* **Problem requirements**:
Copy out, exactly, the first line of the entries below and every line after it through the one containing "Parlantes Jbl Flex4 6x9 (sin Instalar)".

* **Records to use**:
================
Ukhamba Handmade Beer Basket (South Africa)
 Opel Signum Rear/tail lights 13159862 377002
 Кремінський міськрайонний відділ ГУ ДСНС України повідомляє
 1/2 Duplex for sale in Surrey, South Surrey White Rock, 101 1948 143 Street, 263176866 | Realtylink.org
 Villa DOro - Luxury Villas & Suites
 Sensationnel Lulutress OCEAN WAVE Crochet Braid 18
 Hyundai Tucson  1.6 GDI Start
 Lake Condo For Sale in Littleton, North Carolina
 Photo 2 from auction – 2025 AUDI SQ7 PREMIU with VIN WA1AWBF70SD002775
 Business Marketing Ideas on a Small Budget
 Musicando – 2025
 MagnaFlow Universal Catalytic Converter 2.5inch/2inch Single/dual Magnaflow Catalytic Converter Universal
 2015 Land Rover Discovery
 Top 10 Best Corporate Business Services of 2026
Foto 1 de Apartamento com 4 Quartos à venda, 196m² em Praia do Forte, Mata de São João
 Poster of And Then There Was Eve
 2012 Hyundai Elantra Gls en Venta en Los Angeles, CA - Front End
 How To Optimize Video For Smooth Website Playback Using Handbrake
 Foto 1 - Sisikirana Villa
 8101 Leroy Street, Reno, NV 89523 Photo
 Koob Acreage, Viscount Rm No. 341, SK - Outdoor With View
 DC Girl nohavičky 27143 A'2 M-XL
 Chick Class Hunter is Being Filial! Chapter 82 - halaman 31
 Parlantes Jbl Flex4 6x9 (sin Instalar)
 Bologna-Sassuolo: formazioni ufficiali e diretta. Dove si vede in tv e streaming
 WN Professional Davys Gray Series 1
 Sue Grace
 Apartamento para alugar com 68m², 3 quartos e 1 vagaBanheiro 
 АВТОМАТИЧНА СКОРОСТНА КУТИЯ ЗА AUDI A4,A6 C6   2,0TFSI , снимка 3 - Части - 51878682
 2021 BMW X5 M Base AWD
================
* **Answer box**:
Ukhamba Handmade Beer Basket (South Africa)
 Opel Signum Rear/tail lights 13159862 377002
 Кремінський міськрайонний відділ ГУ ДСНС України повідомляє
 1/2 Duplex for sale in Surrey, South Surrey White Rock, 101 1948 143 Street, 263176866 | Realtylink.org
 Villa DOro - Luxury Villas & Suites
 Sensationnel Lulutress OCEAN WAVE Crochet Braid 18
 Hyundai Tucson  1.6 GDI Start
 Lake Condo For Sale in Littleton, North Carolina
 Photo 2 from auction – 2025 AUDI SQ7 PREMIU with VIN WA1AWBF70SD002775
 Business Marketing Ideas on a Small Budget
 Musicando – 2025
 MagnaFlow Universal Catalytic Converter 2.5inch/2inch Single/dual Magnaflow Catalytic Converter Universal
 2015 Land Rover Discovery
 Top 10 Best Corporate Business Services of 2026
Foto 1 de Apartamento com 4 Quartos à venda, 196m² em Praia do Forte, Mata de São João
 Poster of And Then There Was Eve
 2012 Hyundai Elantra Gls en Venta en Los Angeles, CA - Front End
 How To Optimize Video For Smooth Website Playback Using Handbrake
 Foto 1 - Sisikirana Villa
 8101 Leroy Street, Reno, NV 89523 Photo
 Koob Acreage, Viscount Rm No. 341, SK - Outdoor With View
 DC Girl nohavičky 27143 A'2 M-XL
 Chick Class Hunter is Being Filial! Chapter 82 - halaman 31
 Parlantes Jbl Flex4 6x9 (sin Instalar)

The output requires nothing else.